Pourtant assigné à résidence au Japon, Carlos Ghosn aurait rejoint le Liban

Pourtant assigné à résidence au Japon, Carlos Ghosn aurait rejoint le Liban©Panoramic

, publié le lundi 30 décembre 2019 à 22h20

Le journal Les Echos révèle que l'homme d'affaires Carlos Ghosn a violé son assignation à résidence pour se rendre au Liban lundi 30 décembre.

C'est un nouvel épisode renversant dans l'affaire Carlos Ghosn. Selon les informations du journal Les Echos, qui confirme les révélations du quotidien L'Orient-Le Jour, l'ancien PDG du groupe automobile Renault-Nissan serait arrivé lundi 30 décembre au Liban.

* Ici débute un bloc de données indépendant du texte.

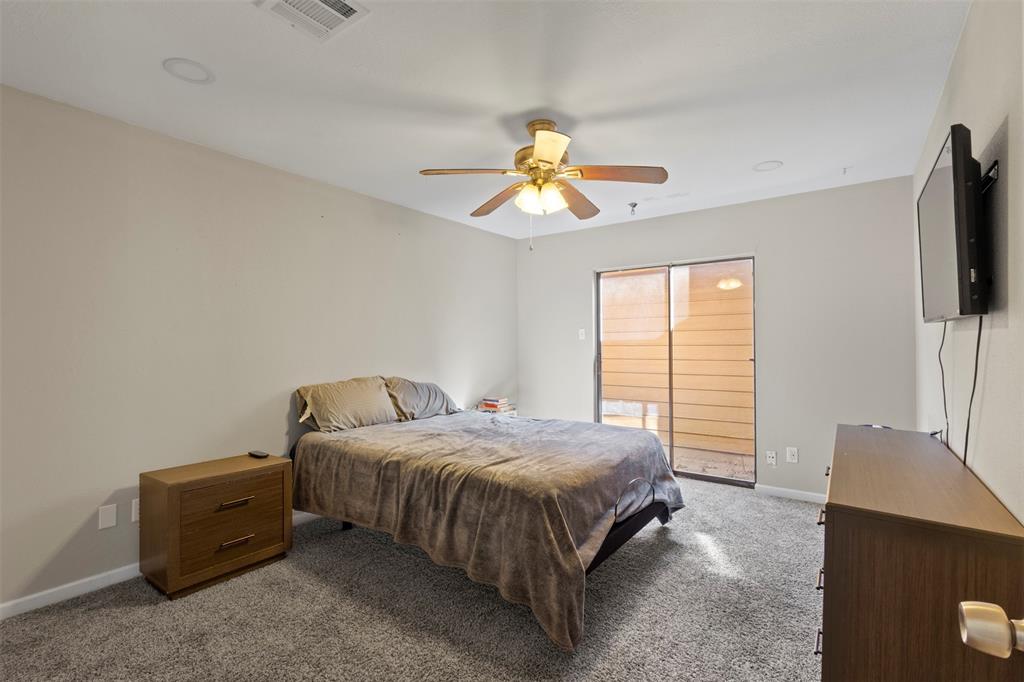 420 Seminary Ridge Mesquite, TX 75149 - Photo 17 of 36 a bedroom with a bed and a chandelier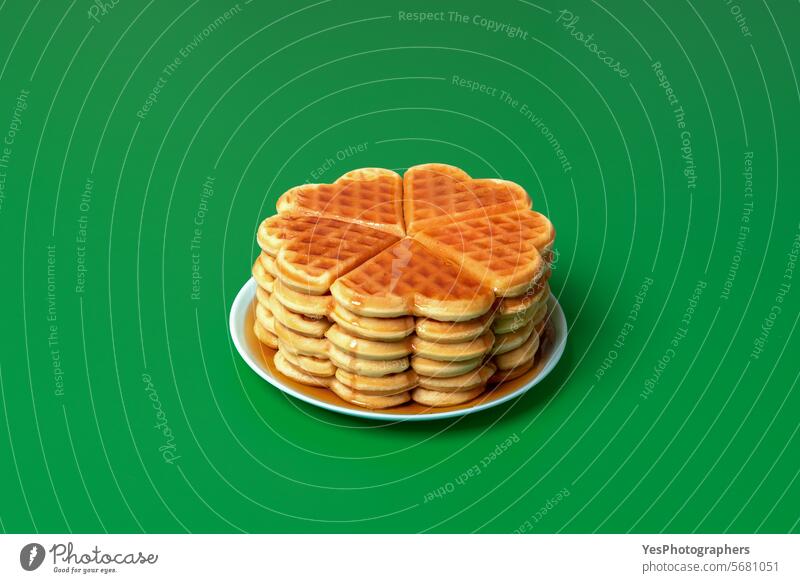 Waffles with mapple syrup on a plate, isolated on a green background above baked baking bathed belgian biscuit breakfast bright cake calories color colorful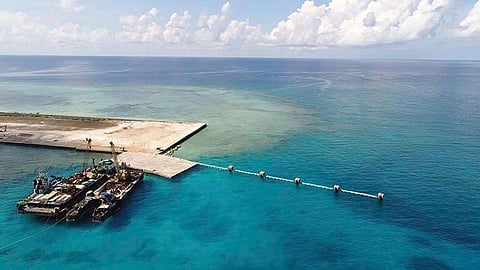 PAG-ASA ISLAND. In this handout photo provided by the Department of National Defense PAS, ships carrying construction materials are docked at the newly built beach ramp at the Philippine-claimed island of Pag-asa, also known as Thitu, in the disputed South China Sea on Tuesday, June 9, 2020. (AP)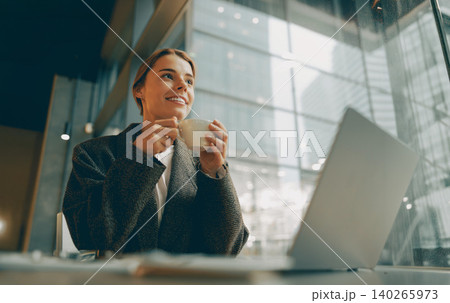 Smiling young adult Caucasian woman drinking coffee near laptop in a modern city cafe Smiling young adult Caucasian woman drinking coffee near laptop in a modern city cafe 140265973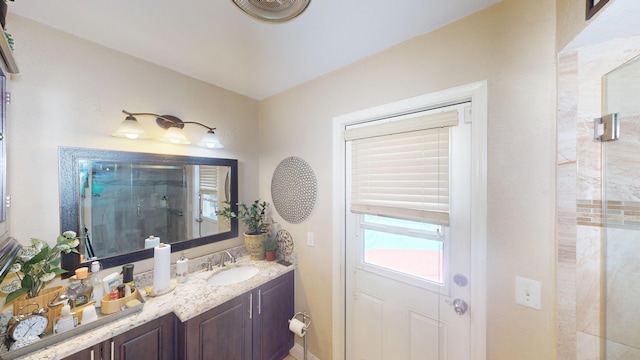 bathroom with a stall shower and vanity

Son avion privé aurait atterri à Beyrouth, capitale du pays, alors qu'il arrivait de Turquie. Une source affirme à L'Orient-Le Jour que l'homme de 65 ans aurait été aperçu dans la matinée.

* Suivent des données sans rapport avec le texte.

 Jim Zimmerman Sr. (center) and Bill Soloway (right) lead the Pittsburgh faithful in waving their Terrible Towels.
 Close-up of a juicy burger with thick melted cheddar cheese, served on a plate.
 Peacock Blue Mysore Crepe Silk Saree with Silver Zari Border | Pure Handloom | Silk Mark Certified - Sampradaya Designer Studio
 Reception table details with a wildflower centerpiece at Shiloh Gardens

C'est une décision très surprenante au vu de la situation judiciaire très délicate dans laquelle était Carlos Ghosn. Il est toujours sous le coup de quatre inculpations pour corruption. Alors qu'un procès devait avoir lieu durant l'année 2020, la justice japonaise l'avait assigné à résidence depuis le 25 avril dernier. Il séjournait alors dans la ville de Tokyo. A l'heure actuelle, le flou règne sur les conditions de son départ du pays. Il aurait utilisé un jet privé pour rallier le Liban, en passant par la Turquie.

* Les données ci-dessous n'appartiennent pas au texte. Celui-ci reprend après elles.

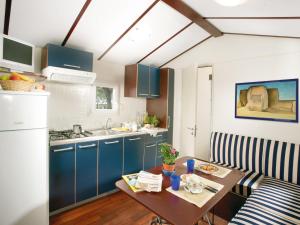 kuchnia z niebieskimi szafkami i drewnianym stołem w obiekcie Holiday Home Cecina Mare-15 by Interhome w mieście Marina di Cecina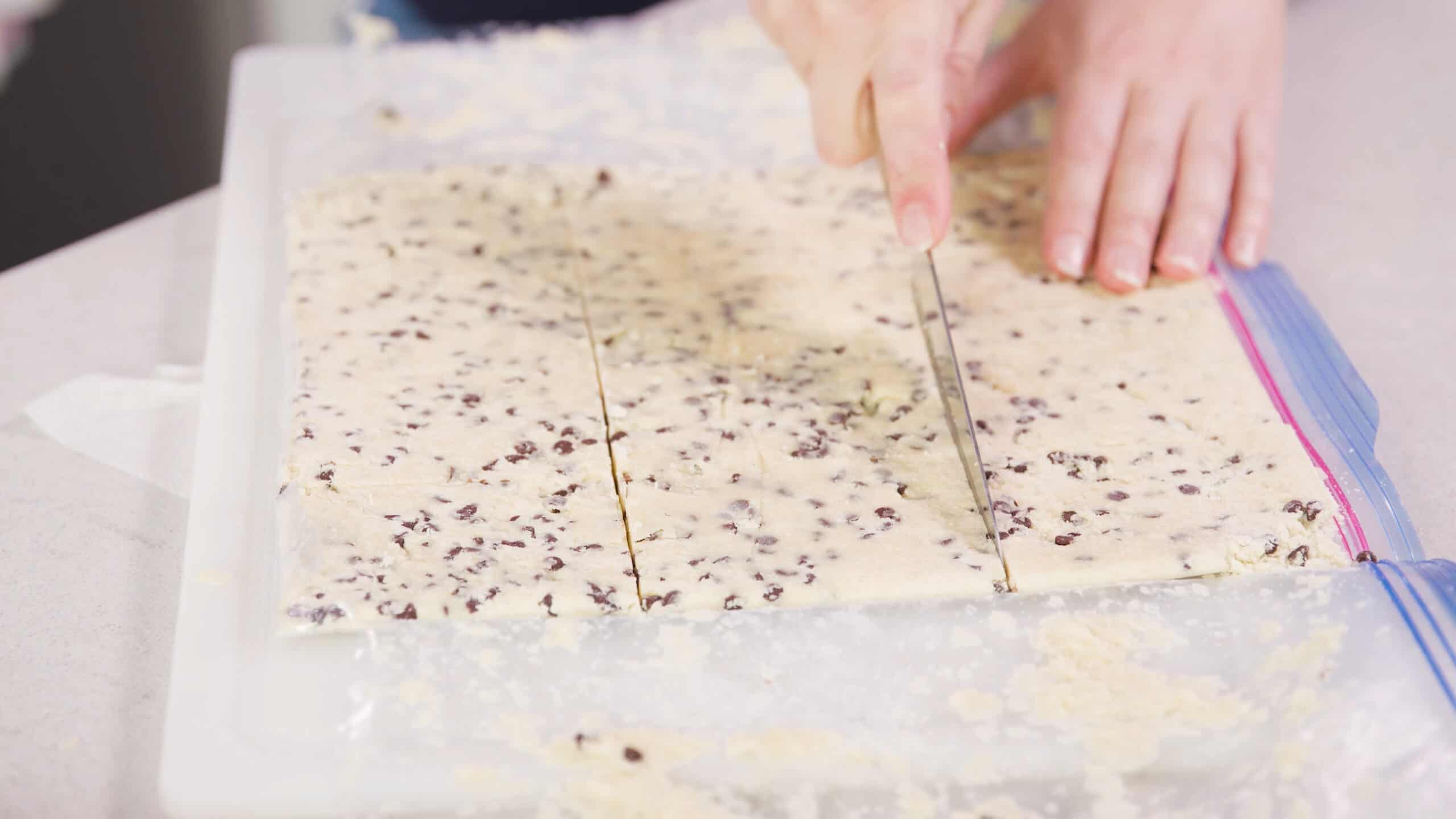 Angled view of a cut open clear plastic bag revealing the chocolate chip shortbread cookie dough and a kitchen knife cutting the dough into even sized rectangles.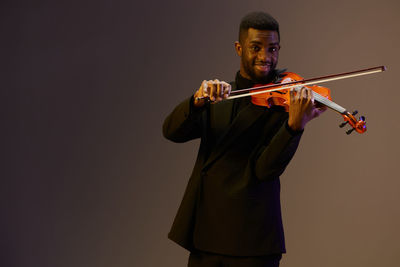 Young man holding violin against wall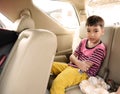 Little boy sitting in the car travelling Royalty Free Stock Photo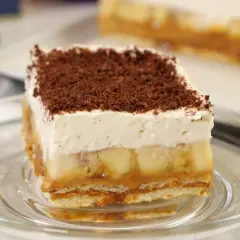 Pyszne ciasto bez pieczenia z bananami, karmelem i bitą śmietaną, posypane czekoladą. Idealne na deser.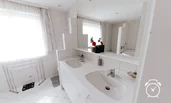 Badezimmer mit 2 Waschbecken, großem Spiegel, Badewanne, Dusche und WC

Un contexte juridique pesant

L'ancien patron de Ranult-Nissan n'a pas encore pris la parole pour expliquer ce soudain changement de résidence. Contacté par Europe 1, son entourage aurait assuré qu'il ne comptait pas se soustraire à la justice. Par contre, il dénonce un contexte juridique qui ne laisserait aucune place à un procès équitable. Il affirme également que l'ex PDG ne s'exprimera pas tant que les autorités nippones ne l'auront pas fait.

A plusieurs reprises par le passé, la défense de Carlos Ghosn avait pointé du doigt ces conditions de détention. Son incarcération de plusieurs semaines en détention préventive à la prison de Kosuge ou même son interdiction de contact avec son épouse étaient notamment mises en cause. 

Selon Les Echos, un procès de Carlos Ghosn faisait craindre une tempête médiatique sur le système judiciaire japonais. A l'approche des Jeux olympiques de Tokyo à l'été 2020, les accusations de complots et de connivence entre la justice et d'anciens cadres de Nissan pourraient embarrasser le pouvoir.